Ottawa is leaving it up to the provincial and territorial governments to properly regulate the distribution and sale of legal marijuana. Disputes over rental properties are handled by provincial landlord and tenant boards.
For many landlord associations, growing marijuana inside rental units poses a much bigger concern than renters who smoke up.
Under the proposed pot legislation, any adult aged 18 or older would be allowed to grow up to four cannabis plants per residence. The plants would not be allowed to exceed a metre in height.
In a February submission to the federal Department of Public Safety, the Attorney General of Canada and Health Canada, the Canadian Federation of Apartment Associations said growing marijuana in multi-unit dwellings poses safety hazards and could result in damage to buildings and loss of insurance.
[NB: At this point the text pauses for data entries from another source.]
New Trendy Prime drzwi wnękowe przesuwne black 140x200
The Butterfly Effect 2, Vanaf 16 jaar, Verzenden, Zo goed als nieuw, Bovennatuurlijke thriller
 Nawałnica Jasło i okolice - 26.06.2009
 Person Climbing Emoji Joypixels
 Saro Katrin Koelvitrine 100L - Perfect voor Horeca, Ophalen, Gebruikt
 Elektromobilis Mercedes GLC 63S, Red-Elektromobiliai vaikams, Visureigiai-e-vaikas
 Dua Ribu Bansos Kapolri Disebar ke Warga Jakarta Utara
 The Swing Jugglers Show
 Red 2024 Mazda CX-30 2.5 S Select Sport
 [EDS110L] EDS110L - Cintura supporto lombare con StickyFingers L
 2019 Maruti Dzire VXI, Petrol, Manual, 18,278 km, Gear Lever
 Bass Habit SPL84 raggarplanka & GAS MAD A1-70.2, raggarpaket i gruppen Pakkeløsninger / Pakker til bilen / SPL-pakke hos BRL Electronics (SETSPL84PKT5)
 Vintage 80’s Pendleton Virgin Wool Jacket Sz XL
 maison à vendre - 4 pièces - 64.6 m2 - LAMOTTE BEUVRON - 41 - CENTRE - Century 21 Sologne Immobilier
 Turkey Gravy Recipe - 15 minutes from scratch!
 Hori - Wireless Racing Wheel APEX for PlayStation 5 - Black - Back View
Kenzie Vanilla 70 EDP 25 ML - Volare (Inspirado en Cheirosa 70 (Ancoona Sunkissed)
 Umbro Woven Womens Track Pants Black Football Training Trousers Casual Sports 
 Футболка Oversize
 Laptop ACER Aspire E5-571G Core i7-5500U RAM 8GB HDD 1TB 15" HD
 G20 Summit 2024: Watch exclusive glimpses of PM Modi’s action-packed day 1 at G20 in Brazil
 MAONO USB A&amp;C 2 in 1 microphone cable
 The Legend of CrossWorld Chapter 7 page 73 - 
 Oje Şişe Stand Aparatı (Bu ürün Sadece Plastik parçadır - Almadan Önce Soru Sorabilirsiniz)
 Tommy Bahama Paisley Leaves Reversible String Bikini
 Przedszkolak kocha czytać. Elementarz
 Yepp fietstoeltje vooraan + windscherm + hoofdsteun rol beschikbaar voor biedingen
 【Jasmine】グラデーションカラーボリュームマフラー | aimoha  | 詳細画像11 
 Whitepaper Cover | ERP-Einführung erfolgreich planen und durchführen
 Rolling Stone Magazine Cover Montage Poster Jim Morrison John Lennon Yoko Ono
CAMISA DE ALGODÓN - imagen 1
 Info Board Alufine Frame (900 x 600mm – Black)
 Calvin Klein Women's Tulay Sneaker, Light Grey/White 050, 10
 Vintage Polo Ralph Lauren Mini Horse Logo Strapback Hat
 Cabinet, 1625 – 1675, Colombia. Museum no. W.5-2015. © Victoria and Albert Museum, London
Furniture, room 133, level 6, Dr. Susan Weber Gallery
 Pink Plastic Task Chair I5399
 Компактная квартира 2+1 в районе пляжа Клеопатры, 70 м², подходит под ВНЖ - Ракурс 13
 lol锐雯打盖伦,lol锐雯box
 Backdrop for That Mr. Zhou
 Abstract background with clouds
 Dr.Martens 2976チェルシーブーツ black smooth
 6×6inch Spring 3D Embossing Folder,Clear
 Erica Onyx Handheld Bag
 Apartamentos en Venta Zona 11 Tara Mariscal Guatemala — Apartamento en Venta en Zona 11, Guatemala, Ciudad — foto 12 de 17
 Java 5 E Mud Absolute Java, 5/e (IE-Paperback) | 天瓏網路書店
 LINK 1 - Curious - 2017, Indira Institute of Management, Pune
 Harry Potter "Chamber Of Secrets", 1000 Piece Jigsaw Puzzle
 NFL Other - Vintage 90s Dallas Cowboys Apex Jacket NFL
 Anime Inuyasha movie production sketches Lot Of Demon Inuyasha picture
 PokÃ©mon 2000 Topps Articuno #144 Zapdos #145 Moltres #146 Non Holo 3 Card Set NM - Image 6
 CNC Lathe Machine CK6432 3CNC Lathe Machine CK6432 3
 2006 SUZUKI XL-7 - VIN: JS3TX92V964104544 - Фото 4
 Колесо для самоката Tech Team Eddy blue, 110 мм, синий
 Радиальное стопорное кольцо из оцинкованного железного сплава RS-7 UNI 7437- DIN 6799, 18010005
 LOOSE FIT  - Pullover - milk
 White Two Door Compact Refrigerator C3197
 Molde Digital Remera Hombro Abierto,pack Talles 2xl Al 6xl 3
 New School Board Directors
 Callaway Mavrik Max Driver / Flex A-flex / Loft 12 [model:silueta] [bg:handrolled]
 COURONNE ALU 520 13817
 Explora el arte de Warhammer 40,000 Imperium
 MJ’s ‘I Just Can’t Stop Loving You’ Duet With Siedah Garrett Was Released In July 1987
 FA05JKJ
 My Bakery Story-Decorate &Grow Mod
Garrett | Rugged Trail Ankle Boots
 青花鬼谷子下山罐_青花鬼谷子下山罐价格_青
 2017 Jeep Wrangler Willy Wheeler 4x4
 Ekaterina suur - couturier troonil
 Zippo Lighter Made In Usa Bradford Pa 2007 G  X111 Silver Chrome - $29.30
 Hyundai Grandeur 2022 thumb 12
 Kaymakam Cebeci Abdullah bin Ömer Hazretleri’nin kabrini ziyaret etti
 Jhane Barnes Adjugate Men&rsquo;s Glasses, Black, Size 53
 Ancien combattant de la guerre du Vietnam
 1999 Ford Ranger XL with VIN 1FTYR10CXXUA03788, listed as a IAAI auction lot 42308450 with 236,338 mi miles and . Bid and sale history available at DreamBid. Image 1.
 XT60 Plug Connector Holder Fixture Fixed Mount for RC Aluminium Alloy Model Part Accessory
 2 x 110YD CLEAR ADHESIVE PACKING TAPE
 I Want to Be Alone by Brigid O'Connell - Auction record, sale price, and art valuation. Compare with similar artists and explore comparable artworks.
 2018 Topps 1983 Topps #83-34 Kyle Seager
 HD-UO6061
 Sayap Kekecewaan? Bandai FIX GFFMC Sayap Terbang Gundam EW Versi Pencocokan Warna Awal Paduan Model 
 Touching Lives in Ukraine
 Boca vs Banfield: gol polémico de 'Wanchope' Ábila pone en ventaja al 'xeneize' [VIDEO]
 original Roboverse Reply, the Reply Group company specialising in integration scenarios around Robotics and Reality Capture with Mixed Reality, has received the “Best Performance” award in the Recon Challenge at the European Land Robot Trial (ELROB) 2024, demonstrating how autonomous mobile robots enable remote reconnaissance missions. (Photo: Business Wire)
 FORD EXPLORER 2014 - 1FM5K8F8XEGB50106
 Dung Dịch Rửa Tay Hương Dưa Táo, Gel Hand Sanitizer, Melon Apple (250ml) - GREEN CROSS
“Due to all of those problems, CFAA urges the government to prohibit all marijuana growing in multi-unit dwellings, and in rented dwellings of any size,” the association wrote.
Hans Brouillette, from the Quebec Landlords Association, told CTV News in April that landlords’ concerns include overloaded electricity systems and potential damage from mould that can thrive in the humidity created by marijuana plants.
Avrom Charach, who runs the Manitoba Professional Property Association, has said that landlords in his province also fear being saddled with big repair bills related to marijuana use and cultivation. He also said that marijuana odour is a big concern on shared properties.